If Chinese masses can force its hand and compel Beijing to veto Tokyo's bid, it will be a real triumph for democracy in China, not just a blow against Japanese and US imperialism in the past and present.

If Tokyo manages to obtain a permanent seat, it will be a reliable pro-Washington vote in the foreseeable future, so all leftists, not just patriots in Asia, ought to join the campaign to block Tokyo from the Security Council. Read the Washington Coalition for Comfort Women Issues' message "Global Petition to Reject Japanese Bid to Obtain a Permanent Seat on the U.N. Security Council," and sign any of the four petitions recommended by the coalition.

Block Japan

4 comments:

REDACTED said...

Well, I have to say I'm surprised at the tone of this post.

Do you think the opposition of the Chinese street is the result of a well-informed populace's dispassionate analysis of their objective self-interest, or a principled stand against a nation that is currently engaged in unconscionable misdeeds?

Or is it emotional xenophobia, the product of misinformation and selective history education? Japan has misbehaved in the past. The current issues (Drilling in disputed waters? You don't feel that the expansionist Chinese plutocracy is just as wrong for claiming every island group on the West Pacific Basin?) hardly rise to the standard of unconscionable.

However nice it would be for the current Chinese government to be forced to open up governance, realise that any choice made by an ill-educated populace is hardly a choice at all. A blind man choosing between paintings based solely on the feel of the canvas may have made a choice, but it is hardly one that should shape our preferences or actions.
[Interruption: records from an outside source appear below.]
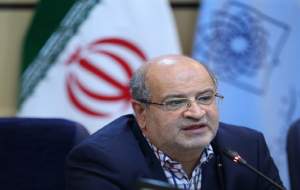 بنای ۵۰ بیمارستان در تهران فرسوده است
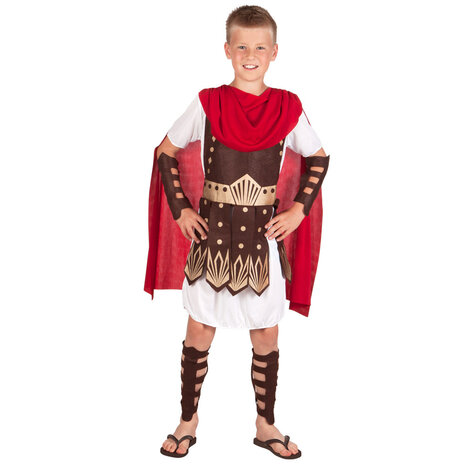 Boland Gladiator Kinder Kostuum Boland Gladiator Kinder Kostuum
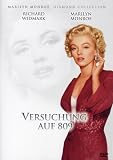 Versuchung auf 809 - Marilyn Monroe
Look up the word Ochlocracy; that is what the Chinese street is, at this point in time. To use their disapproval as the reason to oppose Security Council pluralism is silly. The more permanent members, the less individual power any one P-member has. The more independent power Japan has the less it has to tow the US line. Nation-states are jealous of their prerogatives. They don't intrinsically want to be other's poodle; give Japan power and it will instinctively balance against US and Chinese interests, and a multipolar geopolitical structure is surely something you could support?

Yoshie said...

The masses in China, like masses anywhere else, are not homogeneous, and I do not rule out a possibility that some of the Chinese who have poured into the streets in protest are in part motivated by "emotional xenophobia." But the risk that masses are not as objective and well-informed as possible is a risk that lovers of democracy must take in the case of any nation, not just China.
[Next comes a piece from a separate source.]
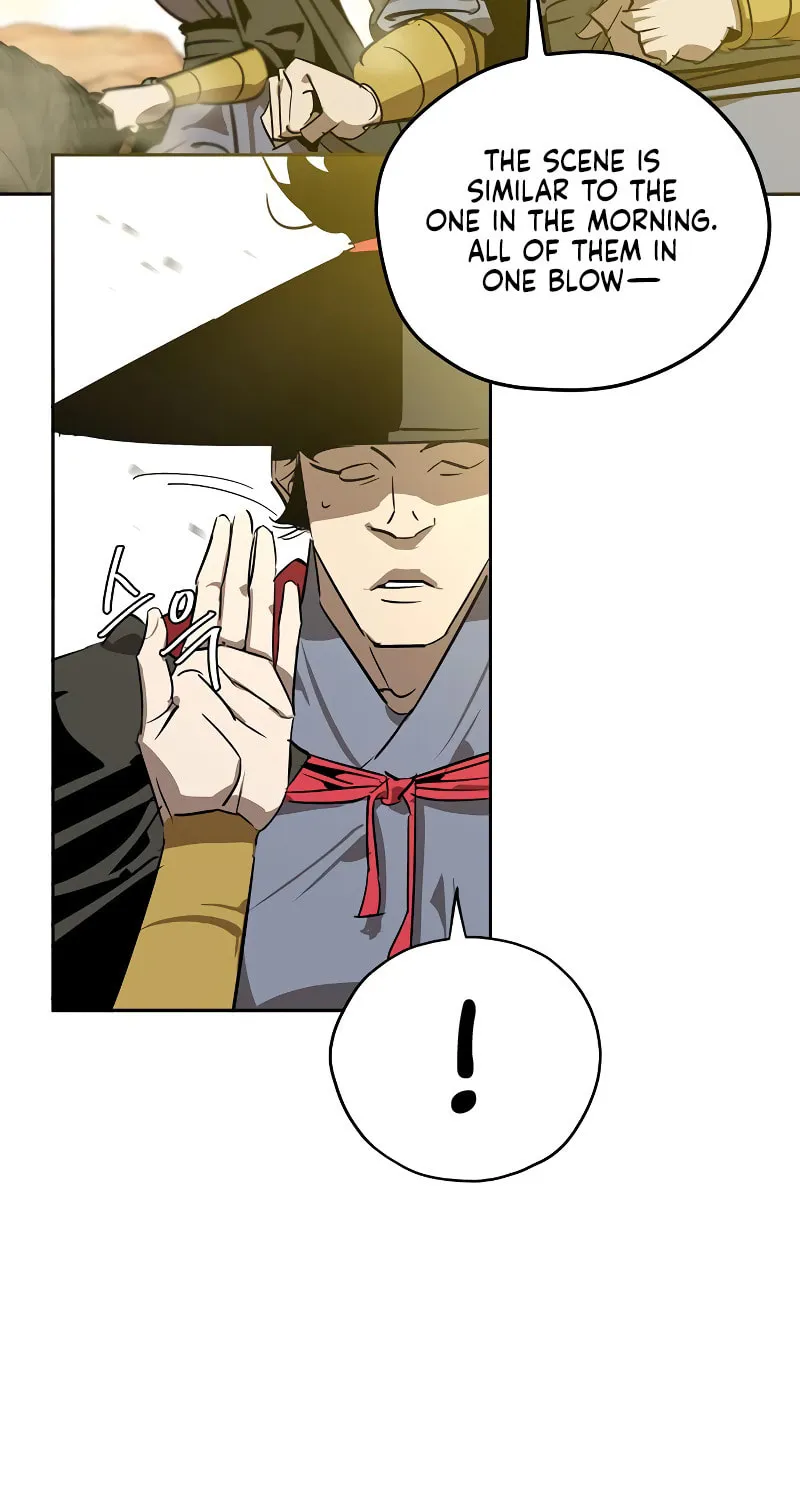 Martial Wild West Chapter 7 page 138 -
As for the question of drilling in disputed waters, I believe that the whole conflict is petty: neither China's nor Japan's economic destiny depends upon winning it. However, Japan being a far more economically developed country than China, its pettiness makes it look worse than China's does in my view.

Will the Japanese power elite surprise me by charting a political course independent of Washington if they gain a permanent seat on the Security Council? Judging by their past voting records in the United Nations (as well as their general behaviors), I won't bet on it. Besides, if they had wanted to play an independent role, for instance, by taking a leadership role in integrating the Asia-Pacific region economically (especially on the questions of debt and currency managements), the time to do so would have been before the onset of persistent deflation. Now, they have less room for maneuver than before.

Anonymous said...

Not only should Tokyo not be a part of the UN Security Council, the entire Security Council should be done away with or reformed in such as way that does not center around the rights of the economically and militarily powerful.

Interesting site you have here.

Anonymous said...

I am chinese, but I believe that Japan should join the UN security council. This is not only the problem between china and japan, but also the problem of united nation. If we do not agree Japan's position, US and its alliance are likely to neglect the U.N. I think that it is more dangerous than anything else.